All in all, the aftermarket service industry is changing so rapidly that a computer is required to keep a shop owner or manager abreast of the latest developments. In response to these needs, some program groups provide electronic management systems that enable their subscribers to more profitably manage overhead and work flow.

CUSTOMER RECRUITMENT
Program groups help shop owners to address the complex issue of attracting a profitable clientele to the service desk. In this day of the fast-food, discount store mentality, traditional word-of-mouth advertising isn’t always adequate to attract the volume of customers needed to support most progressive independent repair shops. On the other hand, national advertising of a brand-name association will bring the modern customers in the door when all other methods fail.Next, many shops are discovering that they must be competitive with many mass marketers and even the local new-car dealerships for a variety of scheduled maintenance services. Minor services like oil changes usually occur at 5,000-mile intervals. Major services generally occur at 15,000-mile intervals. Since the most profit is generated at the major service intervals, shops must be able to use the minor service intervals to build, maintain and utilize customer lists to remind them via direct mail of needed major-interval services. Here again, the marketing power and managerial support available through a program group can accomplish just that.

PARTS OPERATIONS
If customer recruitment operations aren’t enough, shops are also discovering that they must be price-competitive, not only with the mass marketers, but (of all things,) with local dealerships that are also trying to cash in on the maintenance market. This level of price competitiveness is driving shop owners to become more efficient providers of services by forcing them to better manage their technical and human resources. In all cases, the power of the computer enables wise shop owners to accumulate, organize and analyze their daily revenues and repair records. This basic approach allows the shop owner to fine-tune shop operations to provide the highest levels of service and efficiency.

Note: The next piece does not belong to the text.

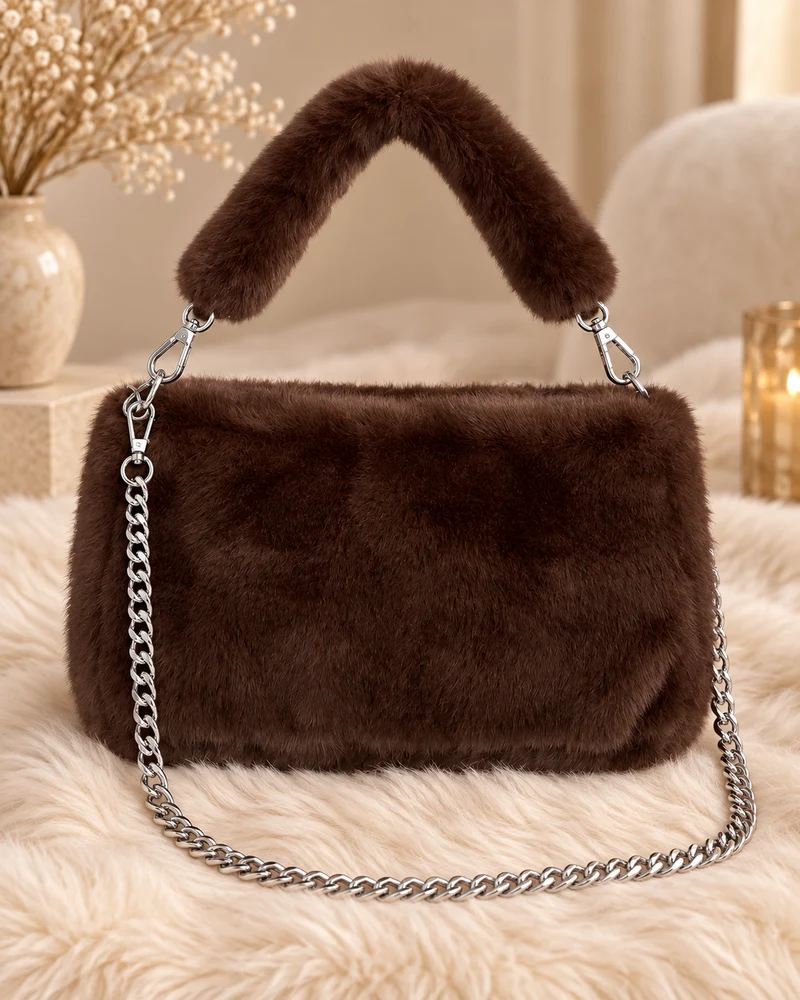 Kleine Tasche in Felloptik - mokka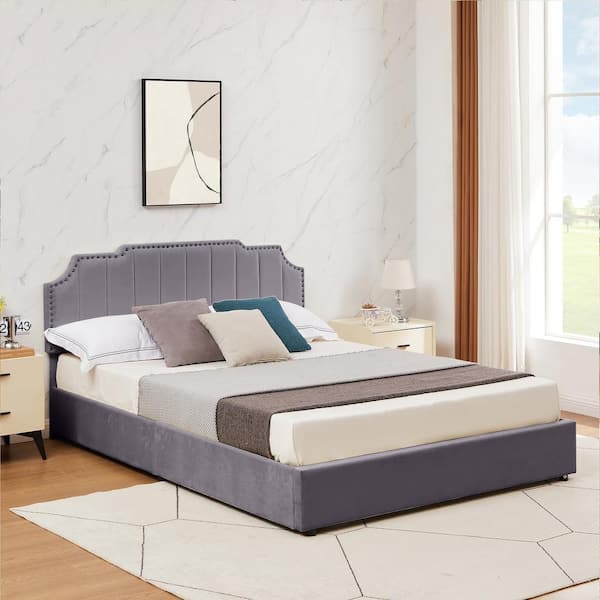 VECELO Bed Frame Gray Metal Frame Full Platform Bed with 4 Storage Drawers and Upholstered Headboard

The power of volume buying and the rebates available through a program group obviously places the independent shop in a more competitive position regarding the packaging of parts and services. If a higher profit margin can be realized on parts sales, labor rates can be reduced to a level more competitive with mass marketers.

To compete with mass marketers, the independent shop is learning very quickly that it must live beyond its own geographic location. In other words, because we live in a highly mobile society, we should be able to warranty a failed component several thousand miles away. Before the day of program groups, a shop owner had to return the failed part for warranty credit. This meant that the customer or the shop had to pay a core charge in order to gain possession of the failed part.

Program groups have solved that problem by setting up national warranty systems that pay participating shops to replace the failed part and then grant warranty credit to the original installer.

While it’s clear that belonging to a program group may not work for specialists and niche-market independent shops, belonging to a program group will bring the added benefits of brand-name recognition, electronic management systems, electronic parts ordering, customer referral and coast-to-coast part warranties, not to mention additional help with discounts, rebates, technical training, management training and equipment acquisition. In most cases, signing up for membership in a program group is a critical first step to competing in the automotive service market of the 21st century.